PRESSÕES do PlANALTO
A aprovação apertada, quatro votos a mais do que o mínimo necessário, de 308 votos, só foi obtida após muita pressão do Palácio do Planalto e manobras regimentais. Numa dessas manobras, a Mesa da Câmara mudou a regra para autorizar que deputados que estão em Glasgow, na COP 26, pudessem votar. A outra foi a viabilização de uma emenda aglutinativa à PEC que aumenta o prazo de 60 para 240 meses do pagamento de dívidas previdenciárias dos municípios.
O pretexto do governo para dar o calote nos precatórios é o que se que precisava para abrir um espaço fiscal de R$ 91,6 bilhões e, com isso, garantir o Auxílio Brasil de R$ 400.
Os parlamentares de diversos partidos desmascararam a versão do governo esclarecendo que o auxílio, ou mesmo a prorrogação do auxílio emergencial, poderia ser viabilizado por uma simples Medida Provisória (MP), autorizando a abertura de crédito extraordinário, que, segundo os oposicionistas, seria aprovada por consenso.
Segundo a oposição, a insistência do governo na PEC do Calote, além de desrespeitar os milhares de credores, teria outros objetivos escusos, como a liberação de R$ 10 bilhões para a chamada emenda do relator, que estão sendo usados com fins eleitoreiros. O calote nos aposentados, pensionistas, trabalhadores, professores e demais beneficiados de decisões judiciais transitadas em julgado gerará R$ 44,6 bilhões de folga orçamentária.

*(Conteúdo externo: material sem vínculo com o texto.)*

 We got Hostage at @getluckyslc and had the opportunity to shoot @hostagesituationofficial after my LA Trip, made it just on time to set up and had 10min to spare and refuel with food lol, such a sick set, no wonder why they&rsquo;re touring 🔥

A oposição não votou unida na questão. Enquanto PSB, MDB, Cidadania, Rede, PV, PCdoB, PT e PSOL recomendaram a rejeição da PEC. No caso do PSB, mesmo com orientação em contrário, dez parlamentares votaram a favor da proposta.
ORÇAMENTO SECRETO
A PEC dos precatórios muda o cálculo da inflação que baliza o teto de gastos e cria mais R$ 46,7 bilhões no Orçamento. Destes R$ 91 bilhões, R$ 50 bilhões iriam para o pagamento do Auxílio Brasil — o programa que substituirá o Bolsa Família. Outros R$ 24 bilhões seriam gastos com o reajuste do salário mínimo e de benefícios previdenciários pela inflação. Há uma sobra de R$ 10 bilhões, que seria usada, segundo a oposição, no chamado Orçamento Secreto.

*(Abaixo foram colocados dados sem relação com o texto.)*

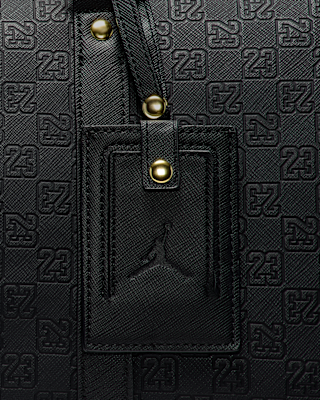 NIKE公式】ジョーダン モノグラム ダッフルバッグ (25L).オンライン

Uma das pedaladas mais denunciadas na sessão foi a fatia dos precatórios da União com estados decorrentes do Fundo de Manutenção e Desenvolvimento do Ensino Fundamental e de Valorização do Magistério, o Fundef. Pedaladas desse tipo, que afrontam as normas orçamentarias e desrespeitam decisões judiciais, podem levar ao impeachment da presidência, como já ocorreu em outras ocasiões no Brasil.
Dos 89 bilhões de reais em precatórios que o governo tem de pagar no ano que vem, quase 16 bilhões correspondem ao fundo. Os governos estaduais que têm recursos a receber são Bahia, Pernambuco e Ceará – e não concordam com o ‘calote’. Com o calote do governo, as dívidas ligadas ao Fundef serão pagas da seguinte forma: 40% em 2022, 30% em 2023 e 30% em 2024.